Review by J Hunter
Photographs by Rudy Lu
It’s a legitimate event when the Jazz at Lincoln Center Orchestra plays your city. In many ways, it recalls Duke Ellington or Cab Calloway coming into town on a train pulling personal Pullman cars for the musicians, their instruments and (in Calloway’s case) their modes of transportation. Thanks to the publicity machine that is trumpeter/bandleader Wynton Marsalis, JALCO is the best-known big band in the world today – and their two-set performance at Proctors proved what gets proven in popular music every single day: Just because you’re the best-known band doesn’t mean you’re the best.

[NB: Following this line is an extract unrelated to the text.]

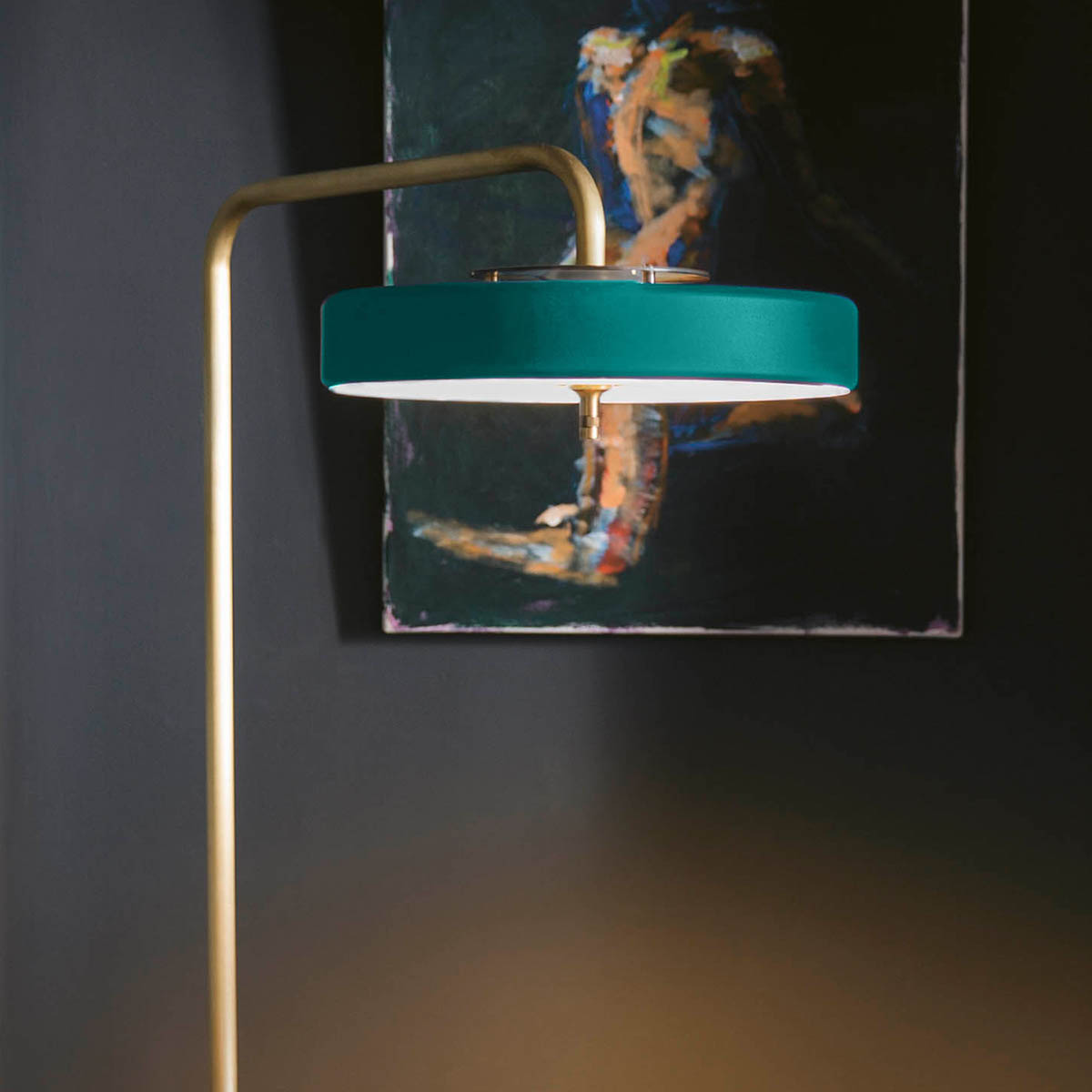 Luxusleuchten aus Großbritannien: Bert Frank Revolve Stehleuchte, H: 140 cm, Grün, Messing poliert, poliertes Messing und metallische Oberfläche und Polycarbonat, Designerleuchte aus England, blendfreies Licht, ikonische Revolve-Serie im Art Déco Stil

Mind you, this 15-piece unit certainly looks the part, thanks to the impeccably tailored suits provided by Brooks Brothers (the official clothier of Jazz At Lincoln Center Orchestra – and no, that’s not a joke). And it’s not like Marsalis has surrounded himself with wannabes and posers; any big band that can boast trumpeters like Ryan Kisor and Marcus Printup, multi-instrumentalists like Ted Nash, Victor Goines and Walter Blanding, and a rhythm section as potentially badass as Ali Jackson and Carlos Henriquez packs some serious heat coming into any situation. That said, it is both deliciously ironic and sadly indicative that all the suit jackets worn by the Orchestra were beige, because almost every number played was entirely colorless and incessantly bland.